Emission factor	Reliability	Completeness	Temporal	Geographic	Technological
GPU energy (BoaviztAPI)	2	2	1	1	2
Host CPU+DRAM share	2	3	1	1	2
Datacentre PUE	2	2	2	1	1
Grid intensity (ENTSO-E live)	1	1	1	1	1
Embodied amortisation	3	3	2	2	2

The composite pedigree on the receipt is the median across factors, weighted by their share of the total impact. For tier 2, the typical composite is [2, 2, 1, 1, 2] — verified data, partly based on assumptions, recent, geographically and technologically aligned.

Pedigree score → log-normal SD lookup¶

We use Ciroth et al.'s lookup, simplified:

Score	Reliability SD	Completeness SD	Temporal SD	Geographic SD	Technological SD
1	1.00	1.00	1.00	1.00	1.00
2	1.05	1.02	1.03	1.01	1.18
3	1.10	1.05	1.10	1.02	1.50
4	1.20	1.10	1.20	1.10	2.00
5	1.50	1.20	1.50	1.50	3.00

The composite log-normal SD is the geometric combination of the per-axis SDs; this becomes the prior for that emission factor in the Monte Carlo simulation.

Auditor expectations¶

Assurance partners under ISAE 3000 review the pedigree-score worksheet as evidence of methodological rigour.

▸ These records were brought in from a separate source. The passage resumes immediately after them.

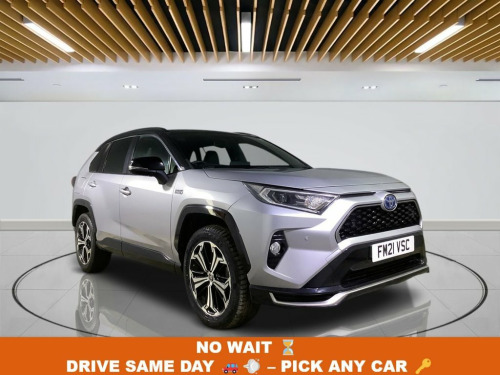 Toyota RAV4  2.5 VVT 18.1kWh Dynamic SUV 5dr Petrol Plug-in Hyb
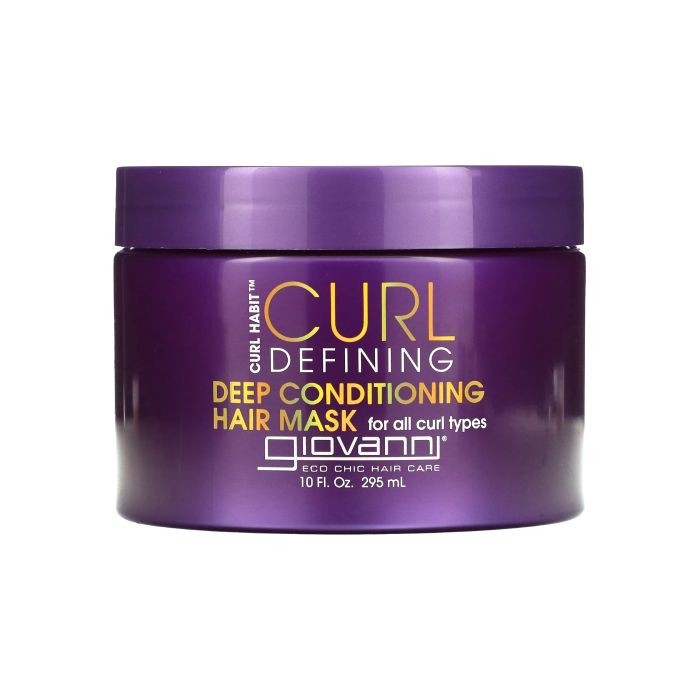 GIOVANNI Curl Habit Curl Defining Deep Conditioning Hair Mask, 10oz.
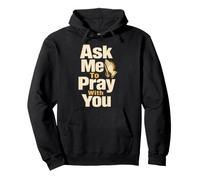 Christian Prayer Warrior Ask Me To Pray With You Gift Pullover Hoodie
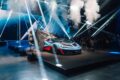 ランボルギーニ・アリーナで初公開された、「ランボルギーニ フェノメノ ロードスター」。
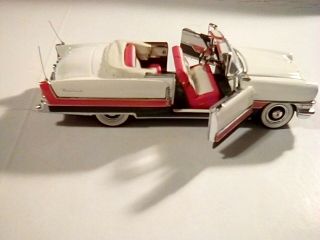 1955 Packard Caribbean Convertible Die Cast Car 1:43 Scale Franklin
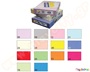 Φωτοτυπικό χαρτί έγχρωμο Α4, ποιότητας 80 γρ. σε πακέτο με 500 φύλλα, διαθέσιμο σε 12 χρώματα.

We provide:

The pedigree score for every emission factor used in the period
The justification for each score
The lookup table version used to convert pedigree to log-normal SD
The composite score as it appears on each receipt

Where this is implemented¶

methodology/uncertainty/pedigree.py

Citations¶

Weidema, B. P., & Wesnæs, M. S. (1996). Data quality management for life cycle inventories — an example of using data quality indicators. J. Cleaner Production 4(3-4).
Ciroth, A., Muller, S., Weidema, B. P., & Lesage, P. (2016). Empirically based uncertainty factors for the pedigree matrix in ecoinvent. Int. J. Life Cycle Assessment 21(9).